Anne Frank, the Dutch teenager who through the power and intimacy of her diary became the best-known of the six million Jewish victims of the Holocaust, is most often recalled for an entry that reads: “… I still believe, in spite of everything, that people are truly good at heart … that this cruelty, too, shall end, that peace and tranquility will return once more.”
Heartwarming and noble sentiments. But the context of her Holocaust experience, and its tragic outcome, screams a far darker message: that evil is real and must be confronted.
The other night at Park East Synagogue, listening to the three panelists’ sharp and spirited discussion I moderated on the question of the moment, “Can Iran Be Stopped?” I wasreminded of the dichotomy of worldviews about human nature itself.
In some ways, the world divides between those who believe that, in essence, people are good, and that our differences can be settled through dialogue and negotiation, and those who subscribe to a more sober view that there are good and bad people out there, and that sometimes the bad people have to deterred, contained, or thwarted.

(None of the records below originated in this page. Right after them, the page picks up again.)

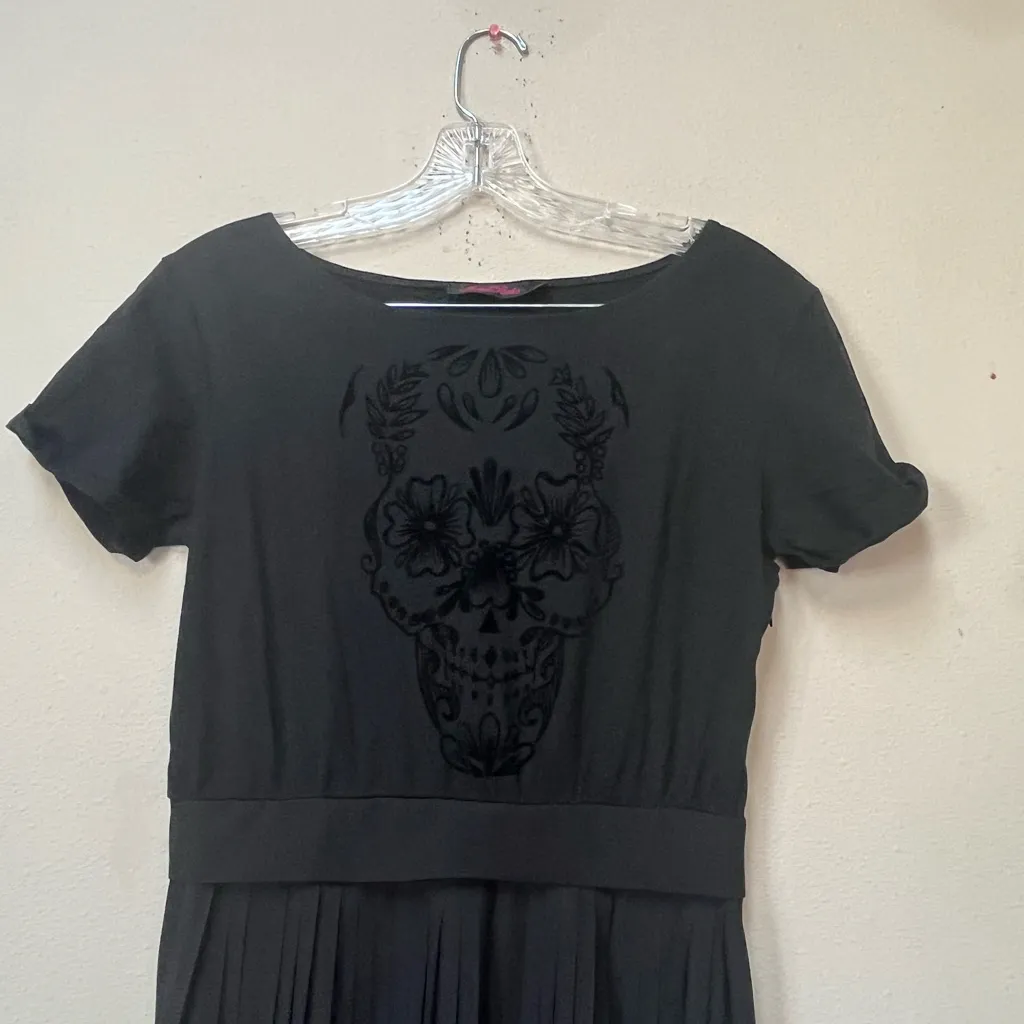 Black Gothic Skull Pleated Maxi Dress Alt Dark Academia | Motel Rocks - Image 5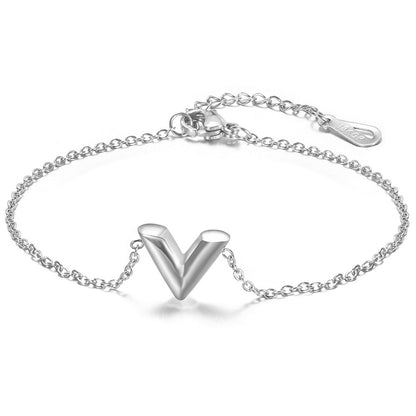 Simple Style Letter Titanium Steel Chain Bracelets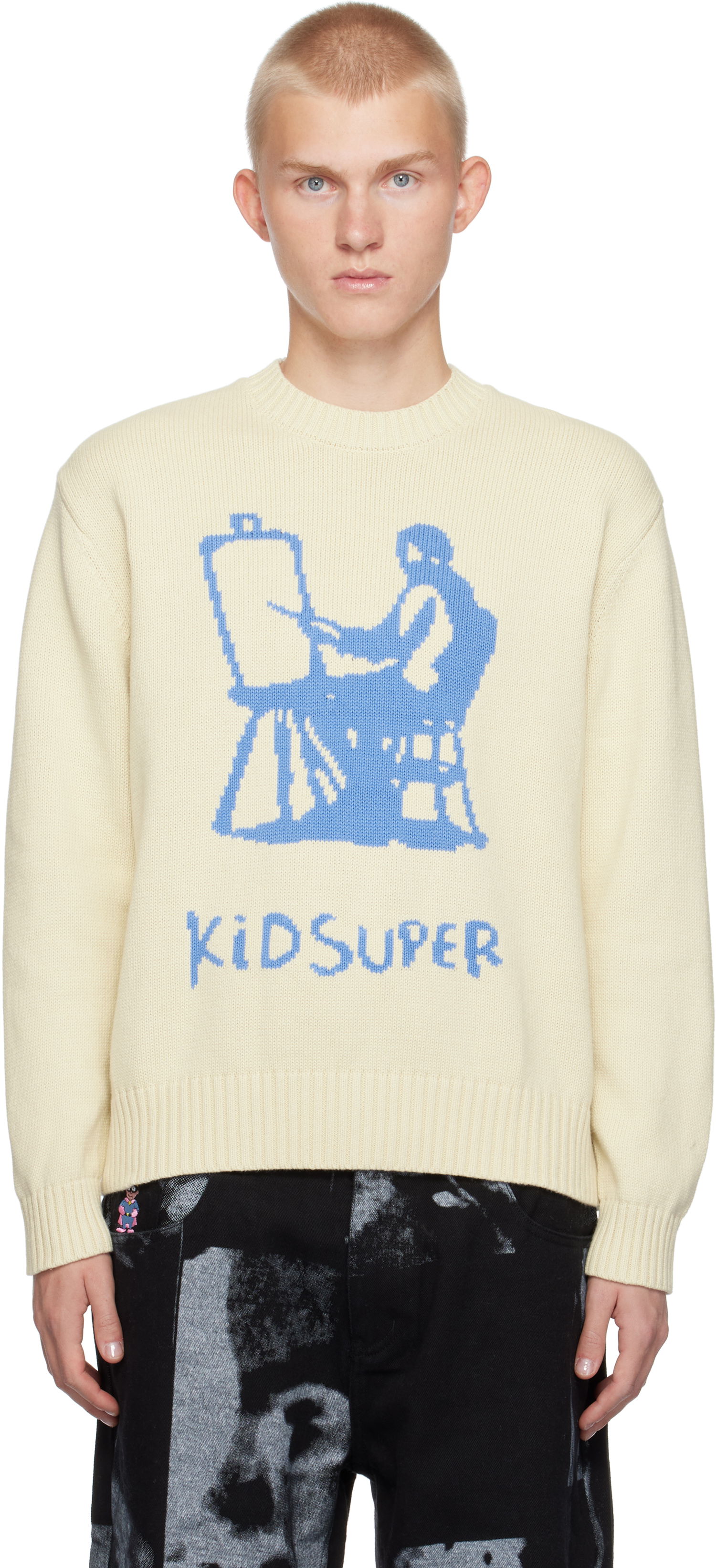 Sveter KidSuper Painter Graphic Sweater Béžová | AW24-SW-12, 0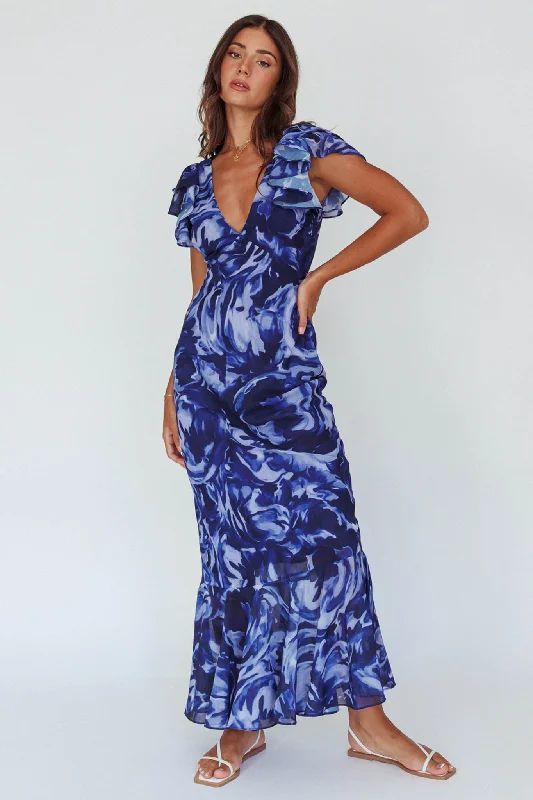 Lydiah Ruffle Sleeve Maxi Dress Floral Blue Trendy A-Line Maxi Dress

The program, sponsored by the American Friends of Tel Aviv University in partnership with The Jewish Week, drew an estimated 500 people, who surely came away enlightened about the complexity of the Iran crisis, but not necessarily more convinced about what tack to take in preventing the Islamic fundamentalist regime in Iran from developing nuclear arms.
The three panelists agreed, to varying degrees, that the prospect of the regime having a nuclear arsenal is a serious danger, that sanctions may not be enough of a stick, and that dialogue between Washington and Tehran is a logical first step. But they had very different ideas about timetables and what to do if the talks continue to go nowhere.
Roger Cohen, the New York Times columnist who has focused on Iran this year and spent five weeks in the country, including reporting from the streets of Tehran in the aftermath of the rigged national election in June, spoke passionately about the dignity of the Iranian people, the vast majority of whom, he said, want a more democratic country.
“We have to get past the psychosis” of the long-term U.S.-Iranian standoff and “broaden the dialogue,” he said, believing there is no alternative to diplomacy. Cohen urged the Obama administration to “keep probing, and let’s see how the tensions — within the regime and outside it — play out.”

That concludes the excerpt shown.